When Raj and his new wife had their own children, Manisha would have come after their children in hierarchy as far as food, clothing, and bare necessities. Her life at best would have been difficult and death was a certainty by the time she was seven.
After being asked several times, I thought I’d better find out. Ankit told me that Manisha was a Chetri, the second highest caste after Brahmin. Her last name in Nepali, Karki, was a common Chetri family name. It bothered me that everyone asked, but it was easier to answer the question than to evade it.

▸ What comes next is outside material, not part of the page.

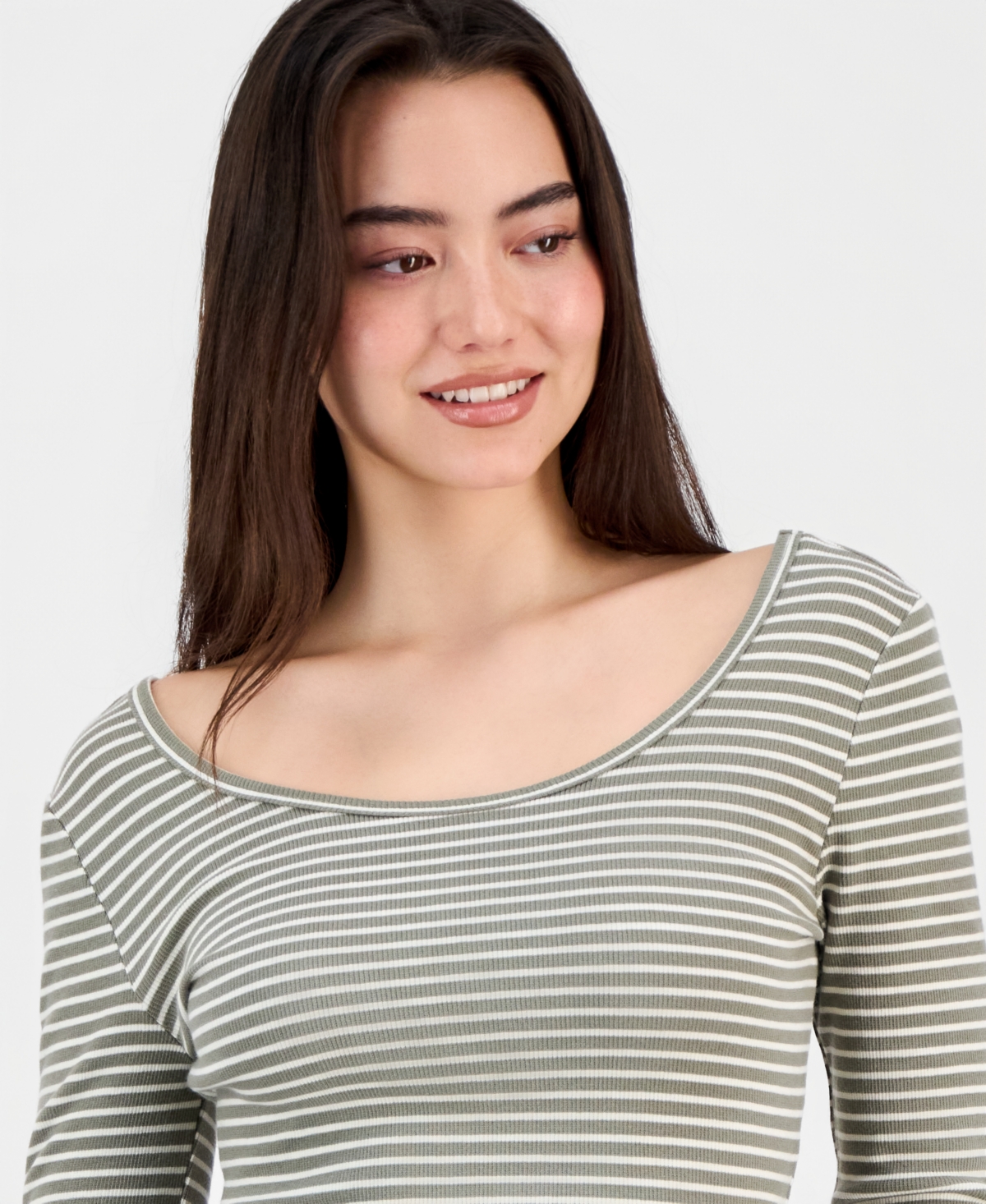 And Now This Women's Striped Double-Scoop Top, Macy's Exclusive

Many also thought Manisha was a boy because of her short, oily hair. When I later washed all the oil out, I was surprised that her hair was curly and thick. The substance her father kept lathering on her head prevented little critters from taking up residence. I later discovered lice. I relentlessly searched for the disgusting creatures on my new daughter’s head while she squirmed impatiently—and was convinced the miniature, prehistoric-looking monsters were also on mine.
I couldn’t wait to remove the nose ring and earrings. I had already come up with a plan for that. The red dot on the middle of her forehead also had to go.
I began to teach Manisha English and she made her first childish attempts to mimic the sounds I made—the word for lion, the word for flower, the word for cookie, the word for dirty, but her favorite word was “meow.” Any cat we saw required at least a 30 second examination, maybe longer. She taught me the word “bani,” which means rice, and Ankit made sure I knew the Nepali word for bathroom, which was Achi ayo.
We walked around for about an hour and a half, long enough to tire me out. Twenty-three pounds gets heavy after a while. As we headed back to the hotel, I heard another language being spoken that surprised me. A group of young people were talking in Hebrew. I turned around and asked if they were from Israel.